Bonnie Leigh McKee (born January 20, 1984) is an American singer and songwriter. Her debut album, Trouble, was released in 2004 by Reprise Records. After underperforming McKee was dropped by her label and took a musical hiatus before establishing herself as a songwriter. She has written 10 singles that have reached number one in either the United States or the United Kingdom, which have sold more than 30 million copies worldwide combined. In 2013, McKee made a return to music with many singles, including "American Girl". She independently released an EP, Bombastic (2015).

McKee is particularly known for collaborating with pop singer Katy Perry. The duo wrote the hits "California Gurls", "Teenage Dream", "Last Friday Night (T.G.I.F.)", "Part of Me", "Wide Awake", and "Roar". McKee also co-wrote "Dynamite" by Taio Cruz, which became the second-best selling song by a British artist in the digital era. McKee co-wrote other hits including "Hold It Against Me" by Britney Spears and "C'Mon" by Kesha; she has written for Cher, Christina Aguilera, Kelly Clarkson, and Adam Lambert.
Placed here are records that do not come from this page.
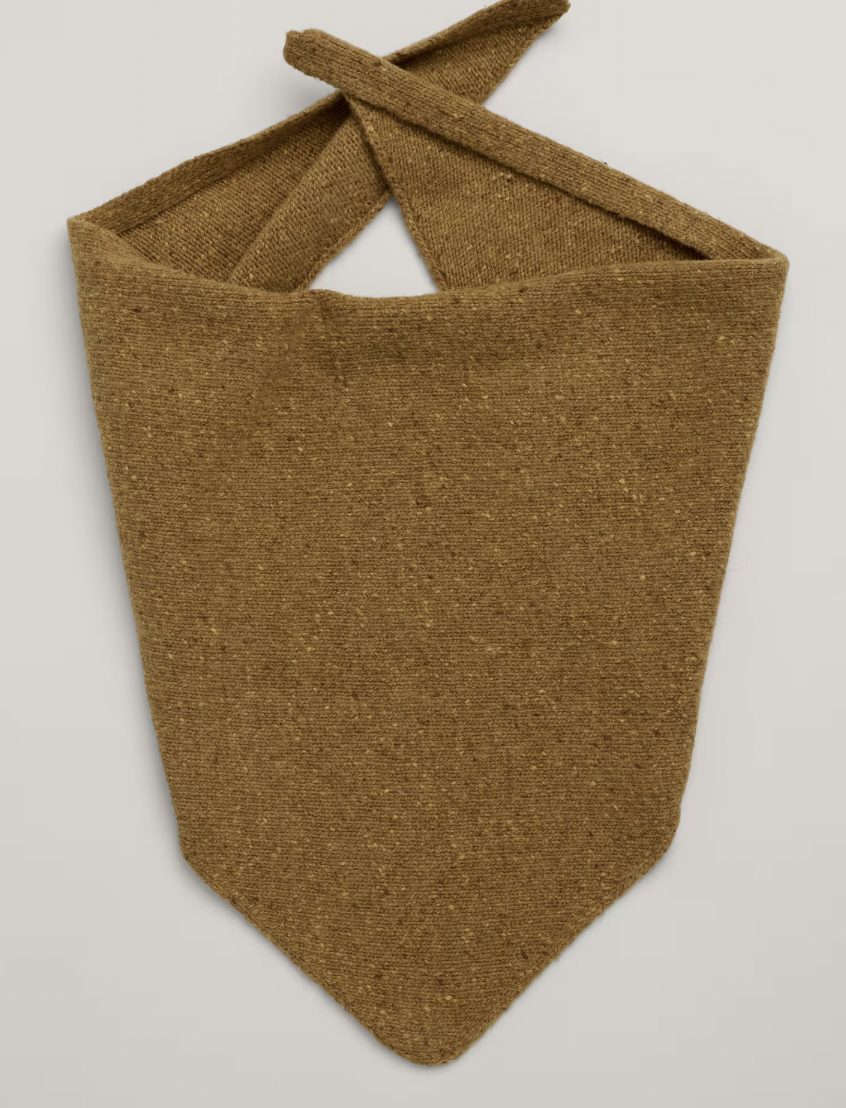 Flat lay of SEASALT's Wild Bilberry Triangle Scarf in Marshland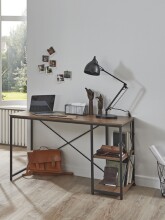 Schreibtisch >23897< in schwarz-eiche - 120x74x60cm (BxHxT)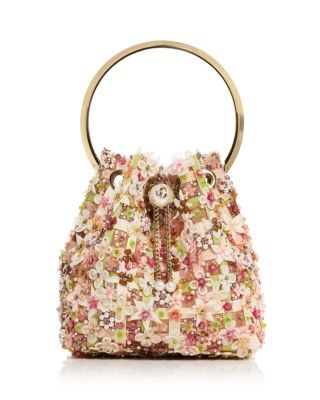 Bon Bon Floral Embroidered Mesh Top Handle Bucket Bag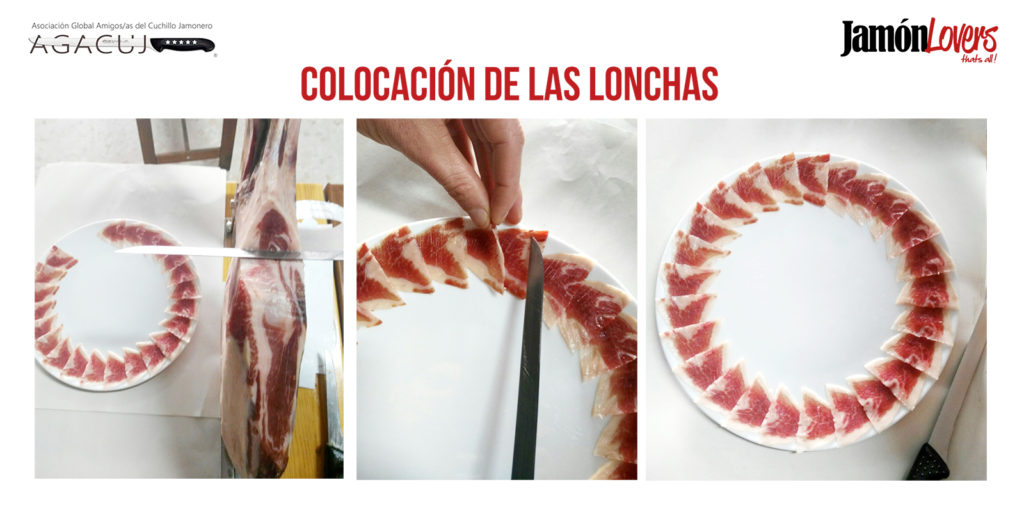 El corte de la paleta: Colocación lonchas de la paletilla en el plato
McKee also has collaborated with Canadian acapella singer Mike Tompkins.

Early life

Childhood
McKee was born in Vacaville, California, and raised in Seattle. She studied classical piano and became a member of the Seattle Girls Choir Prime Voci at age 12; she toured with the choir throughout North America and Europe. She recorded two albums with the choir, titled Jackson Berkey Meets The Seattle Girls' Choir and Cantate 2000. She briefly attended the Bush School where she recorded a demonstration piece as part of a class project; she was kicked out soon afterwards. At age 12, McKee's mother gave a demonstration CD featuring her singing Bette Midler and Fiona Apple songs to a friend of hers who is the co-founder of the Sub Pop label, Jonathan Poneman. Poneman was intrigued by her songwriting talents. According to McKee, this was the moment when she realized she had to be "more than just a singer." She knew she had to be a songwriter as well.

Career

2004–2005: Career beginnings and Trouble

McKee was wrote songs and performed in the Seattle area when she was 15. Her demo tape which was raw got to Colin Filkow, an ex-Priority Records label executive. Filkow recognized that she was a rare talent and signed her to his management company, Platinum Partners Artist Management in Beverly Hills. He flew her to Los Angeles and welcomed her into his family; she was only 17 at the time. He inspired her to sing and write songs and to trust her instincts. Filkow took Bonnie's demo to dozens of labels, publishers, agents, and entertainment lawyers. After more than a year, Filkow signed Bonnie to Warner Brothers Records in one of the most lucrative signings ever for a new artist.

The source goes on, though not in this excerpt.